次は、かねてから深く知り合っていて、今も彼女を本心から愛しているロイック(エルヴェ・フュリク)にわけを話したところ、運命は自分と結び付くためだと彼女との結婚を力説した。そしてある晩、2人で芝居を見に行った。シェークスピアの「冬物語」。彼女、これを見ておいおい泣き出した。
そしてついにある日、バスに我が娘を連れて乗り込んだところ、その席の真ん前に自分の最初の男、今も忘れ得ぬ男、そして今ここに連れている女の子の父たる彼、すなわちシャルル(フレデリック・ヴァン・デン・ドリーシュ)が乗っていた。そんな、馬鹿らしい、と言うなかれ。
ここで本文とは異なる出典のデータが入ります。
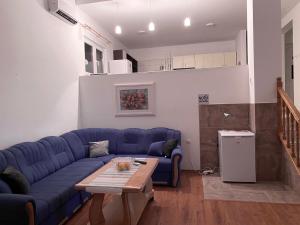 a living room with a blue couch and a table at Villa Alvin in Kosor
事実は小説よりもミラクルだと、この映画はここで開き直っている。
映画の出来は100点満点で60点。けれども男2人、その1人が商人、いま1人が文学と人生を取り違えた男。映画はこの不幸な2人の演技に力を込め、特にこの勝手な女の生き方をとにかくしっかりと演じたシャルロット・ヴェリーの努力ぶりをこの作品に盛り込み得たところが見どころ。
男はえてしてこんなもの、女はえてしてこんなものの物語。実は、女が男に渡した自分の住所のつづりが間違っていたとは、この脚本、最高の不出来。原名は「四季の物語・第二号」。日本題名、冬あらば春あり……か。(映画評論家)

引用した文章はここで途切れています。